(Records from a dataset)

::::

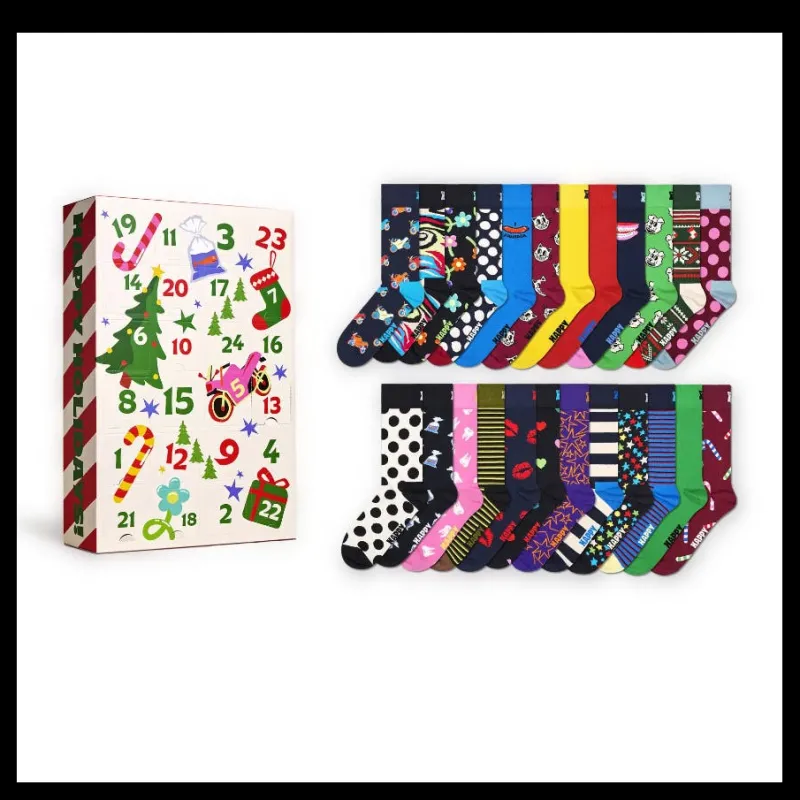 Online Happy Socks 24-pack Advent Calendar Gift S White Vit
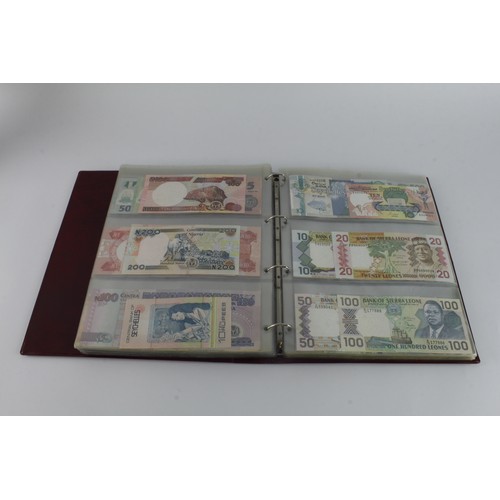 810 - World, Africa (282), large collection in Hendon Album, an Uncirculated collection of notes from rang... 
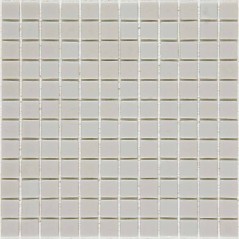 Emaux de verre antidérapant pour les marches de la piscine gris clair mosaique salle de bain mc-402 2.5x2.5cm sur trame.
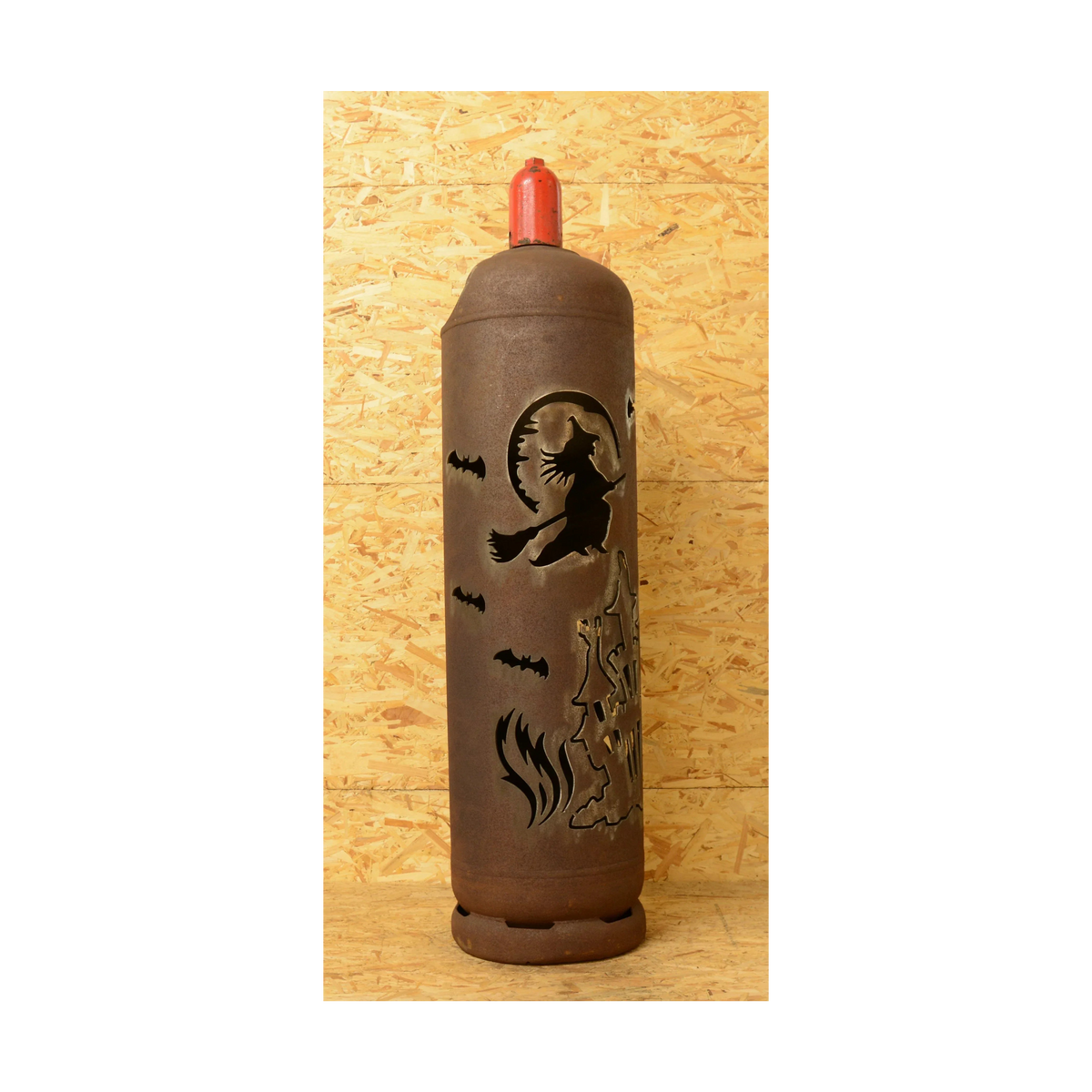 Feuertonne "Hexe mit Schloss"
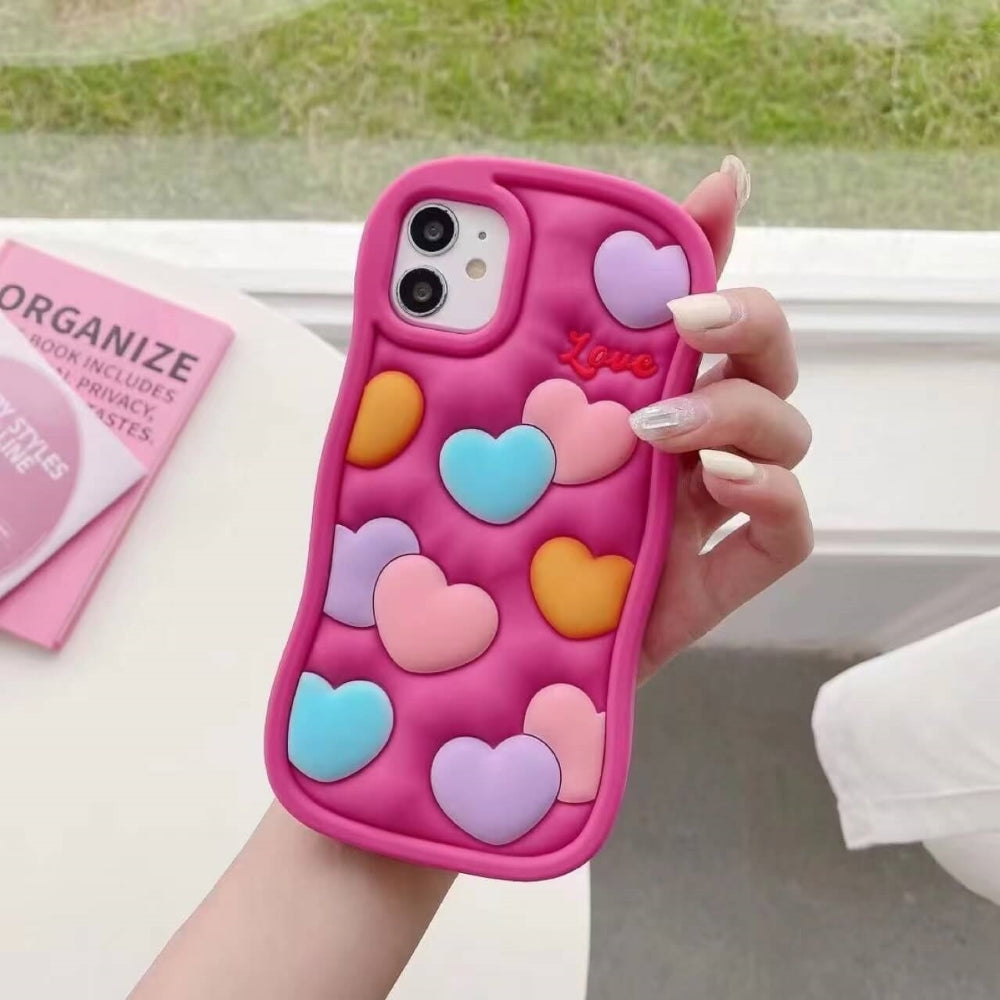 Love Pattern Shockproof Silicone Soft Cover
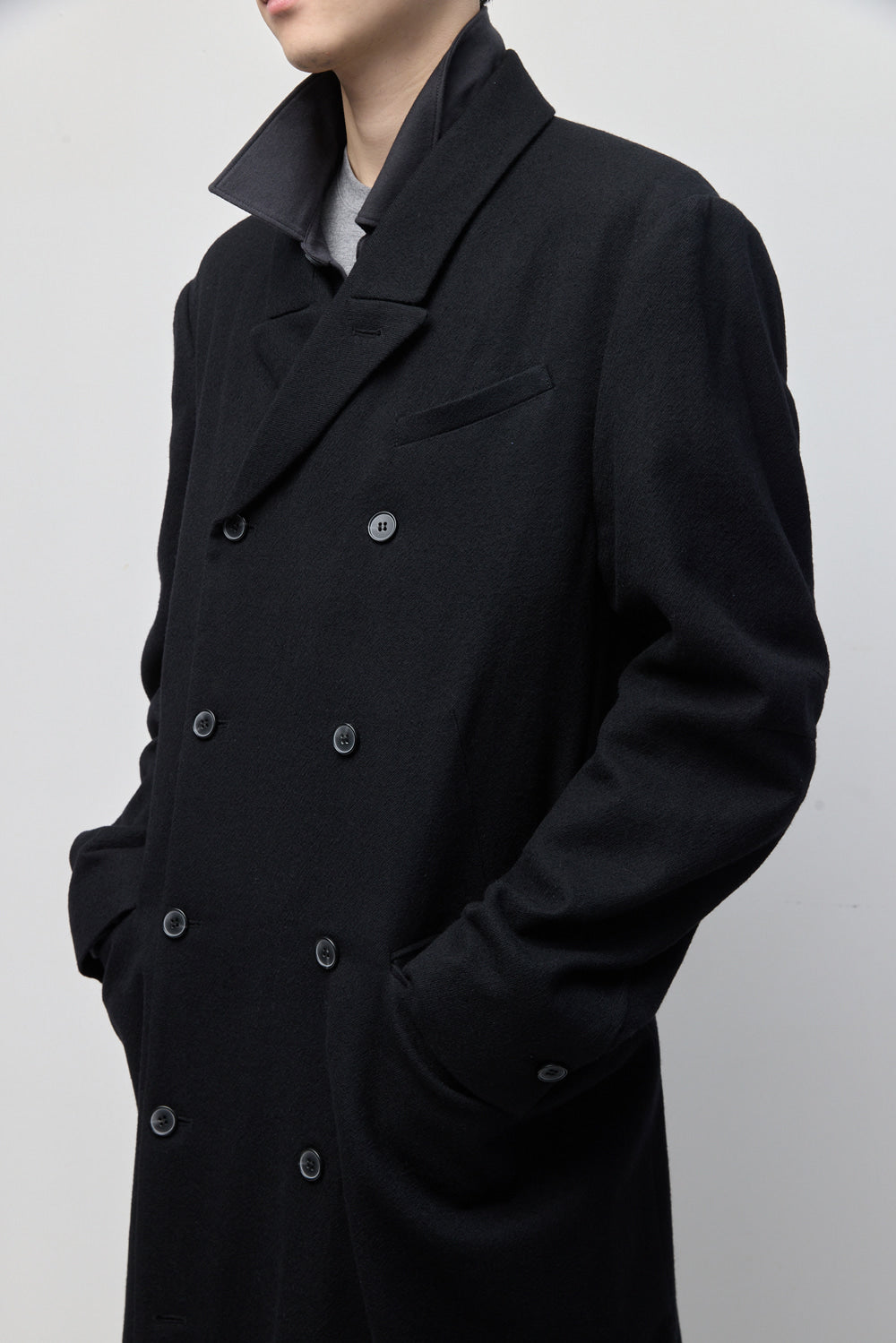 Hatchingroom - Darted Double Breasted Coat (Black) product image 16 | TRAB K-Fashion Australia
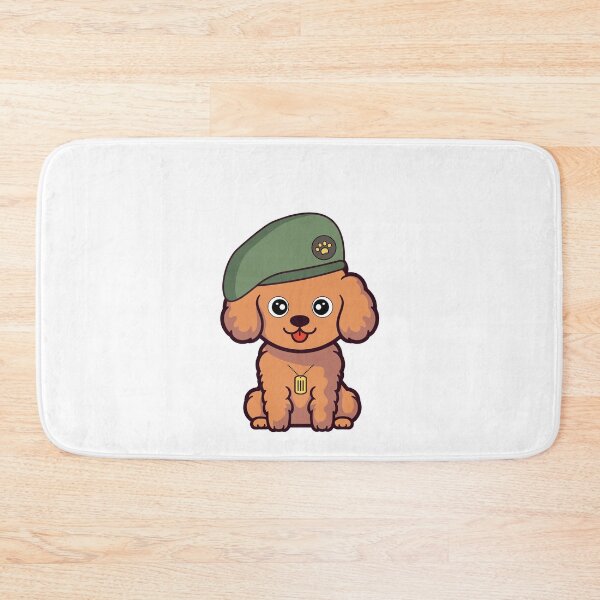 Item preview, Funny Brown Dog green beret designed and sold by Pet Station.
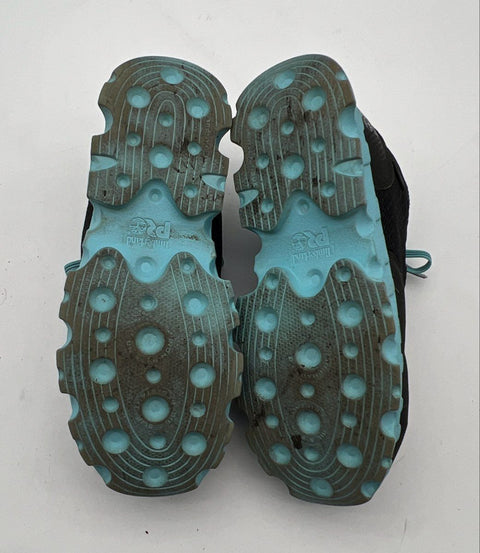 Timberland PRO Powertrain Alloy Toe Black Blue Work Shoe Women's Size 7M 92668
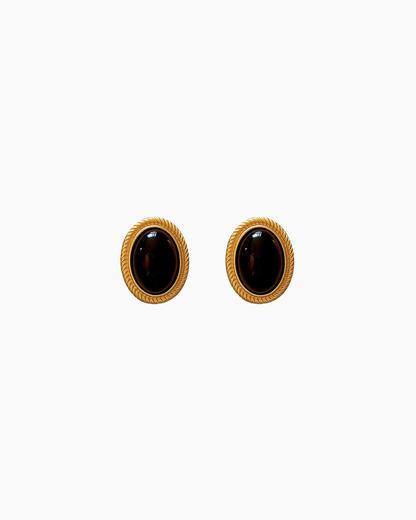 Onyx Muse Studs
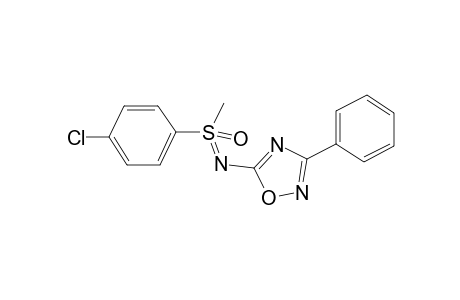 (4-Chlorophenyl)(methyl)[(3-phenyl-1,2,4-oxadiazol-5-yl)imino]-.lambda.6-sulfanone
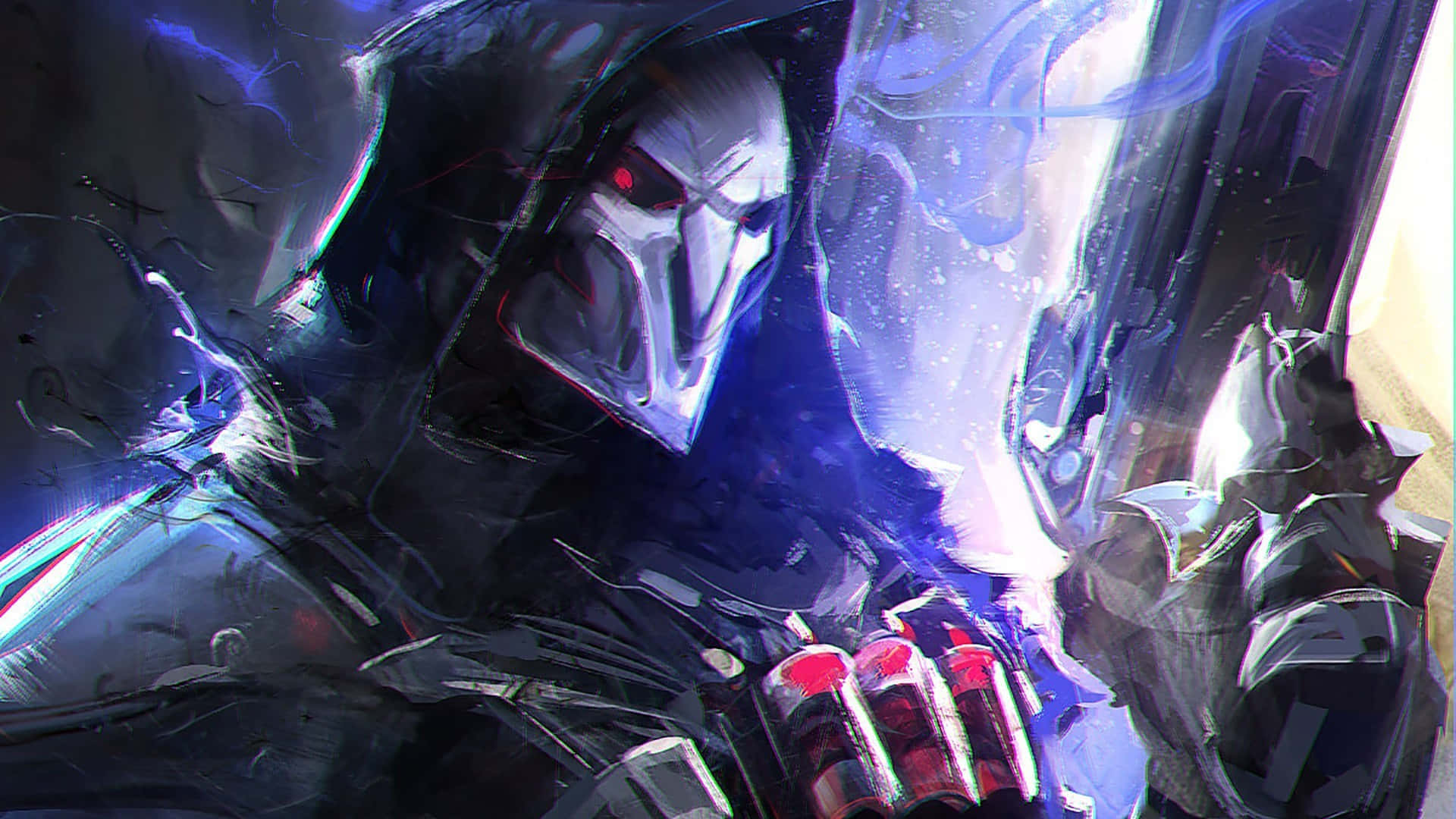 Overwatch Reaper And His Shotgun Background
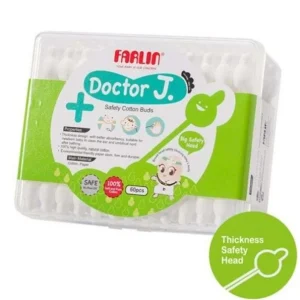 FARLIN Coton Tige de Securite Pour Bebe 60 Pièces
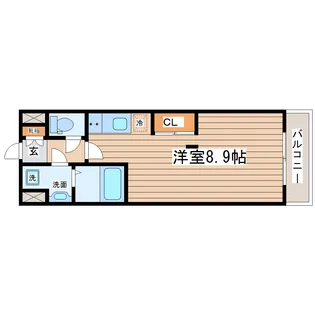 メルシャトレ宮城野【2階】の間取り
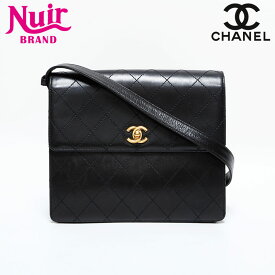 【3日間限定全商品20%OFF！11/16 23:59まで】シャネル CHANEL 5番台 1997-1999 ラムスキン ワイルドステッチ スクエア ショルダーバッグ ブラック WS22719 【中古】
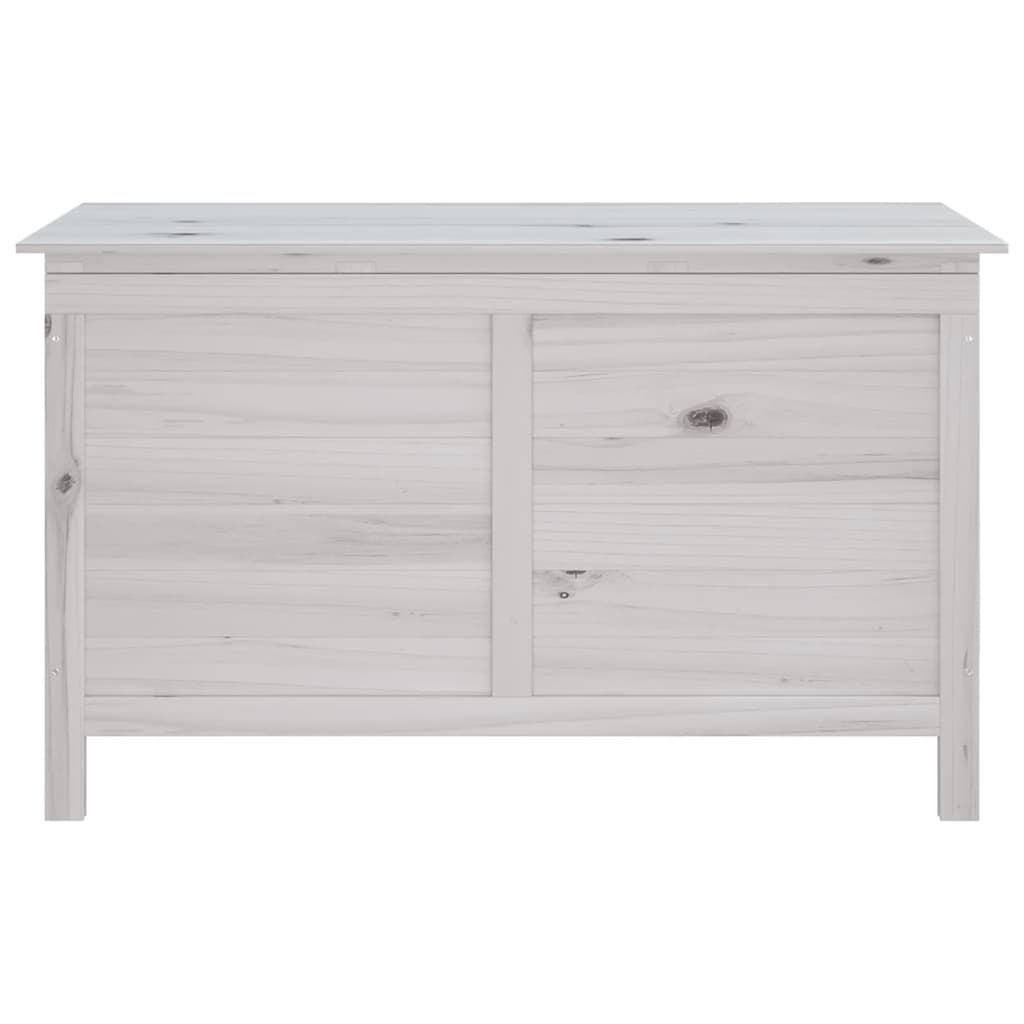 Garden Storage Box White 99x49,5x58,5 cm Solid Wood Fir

::::

▸ **Instructions for the task**:
Would you reproduce the lines from the one with "Onyx Muse Studs" through the final line of the data above, exactly and only those, without any pictures?

▸ **Written answer**:
 Onyx Muse Studs
 (4-Chlorophenyl)(methyl)[(3-phenyl-1,2,4-oxadiazol-5-yl)imino]-.lambda.6-sulfanone
 Overwatch Reaper And His Shotgun Background
 FARLIN Coton Tige de Securite Pour Bebe 60 Pièces
 メルシャトレ宮城野【2階】の間取り
 【3日間限定全商品20%OFF！11/16 23:59まで】シャネル CHANEL 5番台 1997-1999 ラムスキン ワイルドステッチ スクエア ショルダーバッグ ブラック WS22719 【中古】
 Garden Storage Box White 99x49,5x58,5 cm Solid Wood Fir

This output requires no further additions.